▸ **Data excerpts**
----------

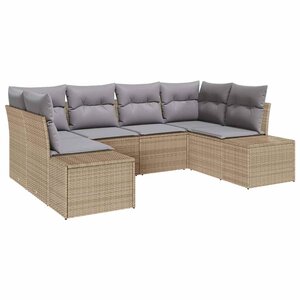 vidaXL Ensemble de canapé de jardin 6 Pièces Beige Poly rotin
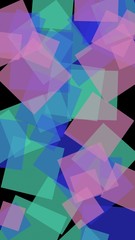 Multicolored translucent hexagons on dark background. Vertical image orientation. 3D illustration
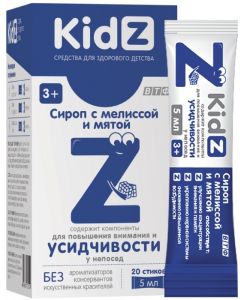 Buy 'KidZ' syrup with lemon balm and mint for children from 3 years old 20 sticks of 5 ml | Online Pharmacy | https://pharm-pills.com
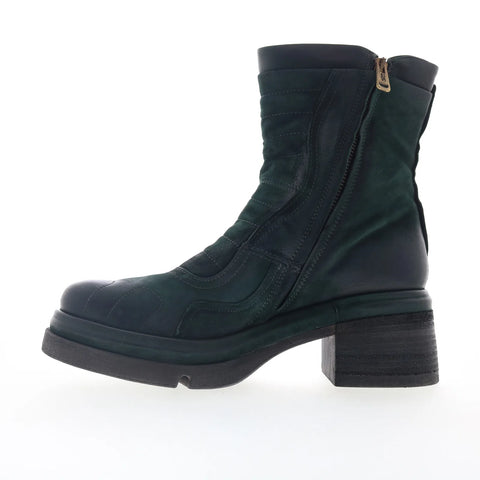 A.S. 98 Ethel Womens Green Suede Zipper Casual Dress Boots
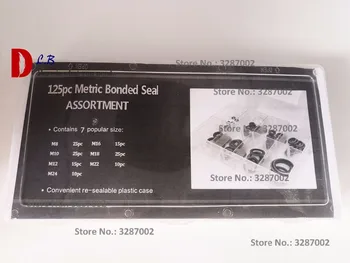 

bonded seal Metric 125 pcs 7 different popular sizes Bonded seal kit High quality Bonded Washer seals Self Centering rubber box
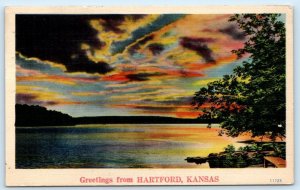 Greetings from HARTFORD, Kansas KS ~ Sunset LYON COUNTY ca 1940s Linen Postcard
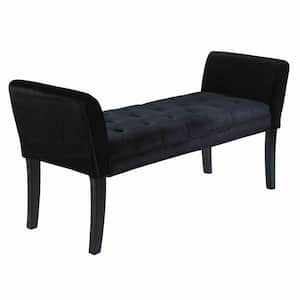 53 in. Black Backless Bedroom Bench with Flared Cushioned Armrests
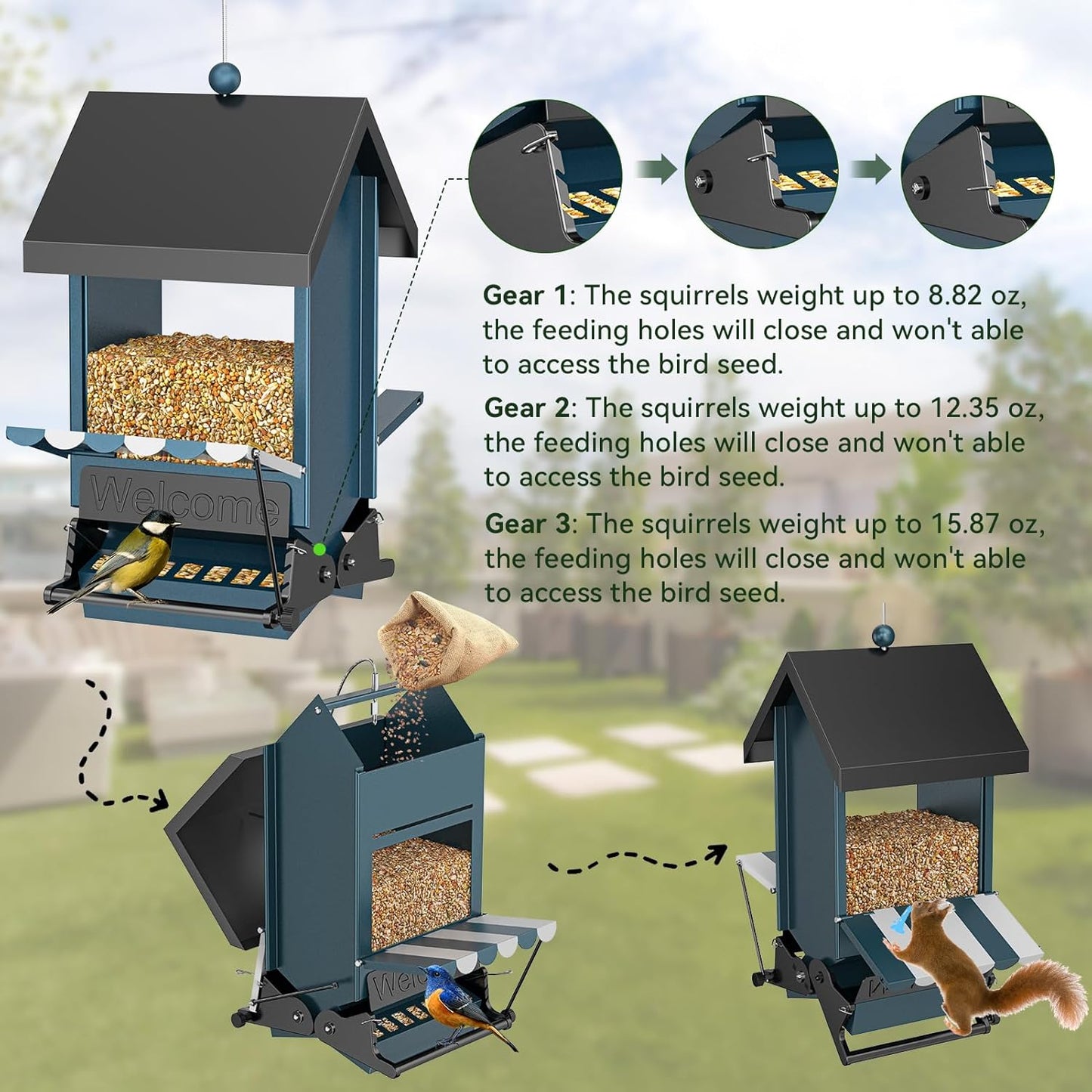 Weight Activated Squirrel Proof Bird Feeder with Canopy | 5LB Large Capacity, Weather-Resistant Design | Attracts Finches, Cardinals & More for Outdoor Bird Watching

----------

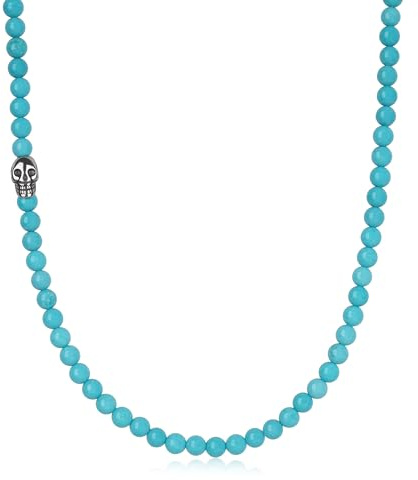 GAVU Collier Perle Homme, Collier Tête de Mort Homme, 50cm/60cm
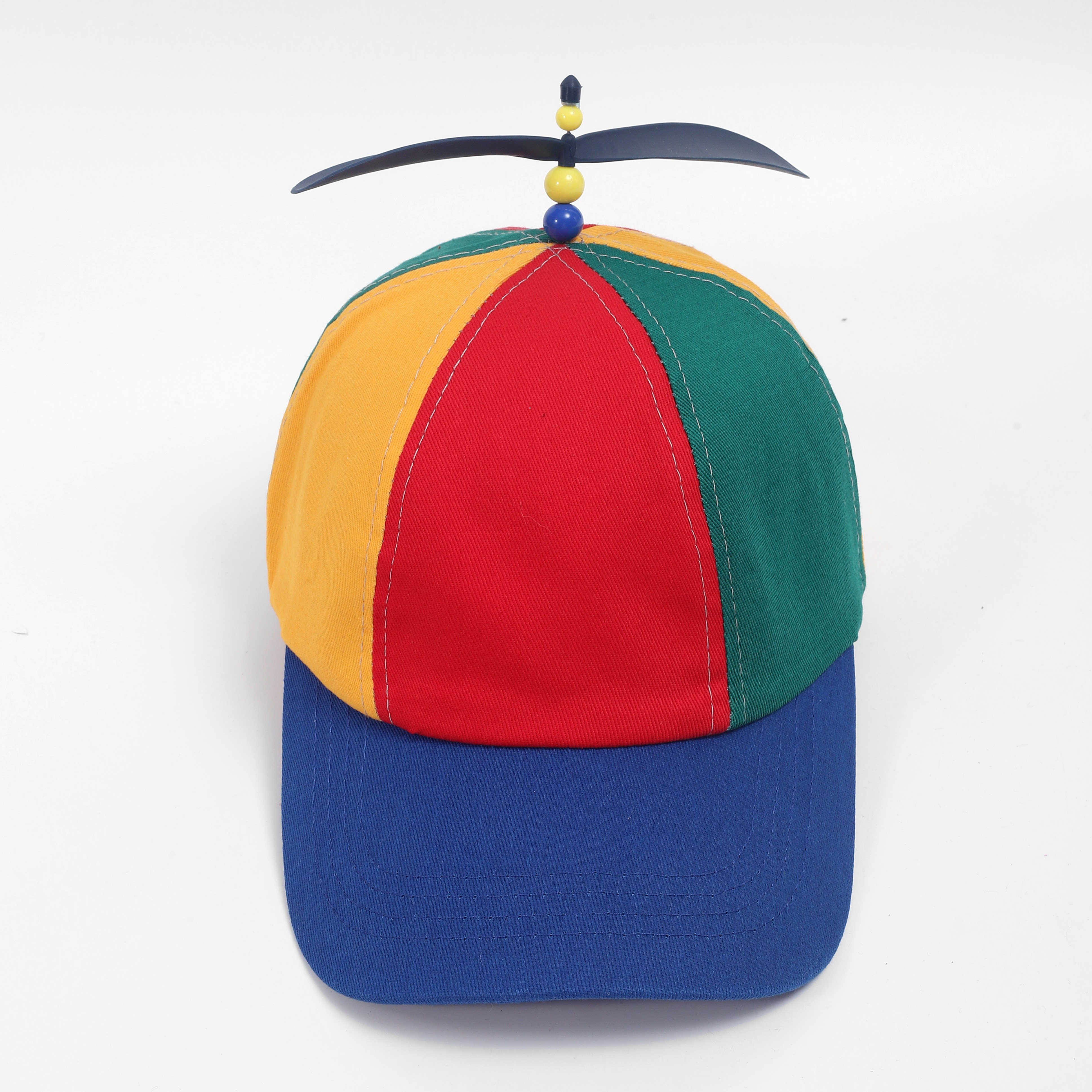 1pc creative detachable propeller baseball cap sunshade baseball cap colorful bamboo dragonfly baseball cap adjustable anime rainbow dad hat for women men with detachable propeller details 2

----------

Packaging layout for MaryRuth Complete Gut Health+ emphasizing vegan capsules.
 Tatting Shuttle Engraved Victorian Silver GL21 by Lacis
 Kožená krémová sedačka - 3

----------

▸ **What the task asks**
The answer is the lines of the material above, from the one containing "A.S. 98 Ethel" down to the one containing "Weight Activated Squirrel", given exactly and without images.

▸ **Response**
 A.S. 98 Ethel Womens Green Suede Zipper Casual Dress Boots

bonded seal Metric 125 pcs 7 different popular sizes Bonded seal kit High quality Bonded Washer seals Self Centering rubber box
 Greetings from HARTFORD, Kansas KS ~ Sunset LYON COUNTY ca 1940s Linen Postcard
 53 in. Black Backless Bedroom Bench with Flared Cushioned Armrests
 Weight Activated Squirrel Proof Bird Feeder with Canopy | 5LB Large Capacity, Weather-Resistant Design | Attracts Finches, Cardinals & More for Outdoor Bird Watching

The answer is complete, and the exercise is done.